The New Yorker‘s Alice Gregory interviewed Claire Denis as the French director works on High Life, herEnglish-language début starring Robert Pattinson and André Benjamin of Outkast and set in space. Among many fascinating bits are the following:

After buying coffee and taking her seat, Denis began to talk about her mother, who had died, at the age of ninety-four, six months earlier, during the filming of “High Life.” Still in mourning, Denis seemed incapable of avoiding the topic, turning to it in many of our conversations, with little or no segue. “When she was pregnant with my little brother, she had a bad pregnancy and had to stay in bed,” Denis said. After giving birth, her mother became depressed. “I remember very well, this little boy was my son, for a long time, until she recovered and took over. I remember when she was an old lady and she would say, ‘My son, my son!’ She was really in love with her son. And I had to tell her, ‘You know, in the beginning, he was mine!’ And it’s true that at that moment I realized how beautiful it was to see a new baby born, the changes every day.”

Denis, who never remarried, also never had children. Earlier, when we spoke about the decision, or nondecision, she told me, “It was a pain, and then it was a memory, and now I have accepted it.” She added, “Maybe this is just convenient for me, but I never thought of being a mother as an accomplishment for a woman.” At the same time, “loneliness, independence, solitude—it’s heavy,” Denis said.
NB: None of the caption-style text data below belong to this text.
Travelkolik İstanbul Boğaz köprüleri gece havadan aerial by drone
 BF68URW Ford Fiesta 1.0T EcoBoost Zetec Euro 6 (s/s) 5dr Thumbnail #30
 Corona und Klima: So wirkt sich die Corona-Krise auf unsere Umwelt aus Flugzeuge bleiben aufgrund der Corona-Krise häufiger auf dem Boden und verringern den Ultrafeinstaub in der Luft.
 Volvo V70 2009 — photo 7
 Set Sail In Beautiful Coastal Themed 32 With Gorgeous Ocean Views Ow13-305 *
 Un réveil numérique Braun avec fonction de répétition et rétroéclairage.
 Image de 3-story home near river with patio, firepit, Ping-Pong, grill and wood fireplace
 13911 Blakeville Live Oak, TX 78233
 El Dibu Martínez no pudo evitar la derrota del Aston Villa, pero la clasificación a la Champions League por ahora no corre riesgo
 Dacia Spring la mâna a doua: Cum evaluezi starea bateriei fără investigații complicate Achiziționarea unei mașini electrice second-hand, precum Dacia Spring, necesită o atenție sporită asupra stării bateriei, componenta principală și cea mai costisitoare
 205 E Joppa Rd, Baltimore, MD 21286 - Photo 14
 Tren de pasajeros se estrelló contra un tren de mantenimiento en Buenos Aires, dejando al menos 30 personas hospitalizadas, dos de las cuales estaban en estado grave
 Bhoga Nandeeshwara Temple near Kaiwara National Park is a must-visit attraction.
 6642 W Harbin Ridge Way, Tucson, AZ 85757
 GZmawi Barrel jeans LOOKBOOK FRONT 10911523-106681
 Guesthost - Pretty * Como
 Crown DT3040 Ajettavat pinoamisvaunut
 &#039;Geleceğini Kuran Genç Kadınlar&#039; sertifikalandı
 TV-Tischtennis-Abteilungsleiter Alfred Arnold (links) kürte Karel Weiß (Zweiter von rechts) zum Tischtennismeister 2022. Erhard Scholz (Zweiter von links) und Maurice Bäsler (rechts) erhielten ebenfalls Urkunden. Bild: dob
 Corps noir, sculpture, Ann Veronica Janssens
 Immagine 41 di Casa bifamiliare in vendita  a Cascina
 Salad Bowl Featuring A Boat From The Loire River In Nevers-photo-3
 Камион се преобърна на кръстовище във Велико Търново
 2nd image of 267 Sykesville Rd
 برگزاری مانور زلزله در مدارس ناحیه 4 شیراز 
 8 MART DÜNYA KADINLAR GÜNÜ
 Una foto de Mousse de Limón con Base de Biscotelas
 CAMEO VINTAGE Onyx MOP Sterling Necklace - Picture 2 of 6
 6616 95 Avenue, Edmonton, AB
Since her divorce, a half century ago, she has had two long-term companionships. One lasted for twelve years, and the other, with a man whom she would not identify beyond confirming that he’s “also in film,” is, as she put it, “still going on.” She continued, “It’s also heavy to be a couple, but solitude is something very special that clearly tells you at some moments, in the day or night, that if you were to die in the next moment you wouldn’t ever again see a human face.”

I’ve written about solitude — aloneness — as a queerness. Friendships and lovers offer deepening, and the work is the satisfaction.

All this, and Let the Sunshine In you should watch.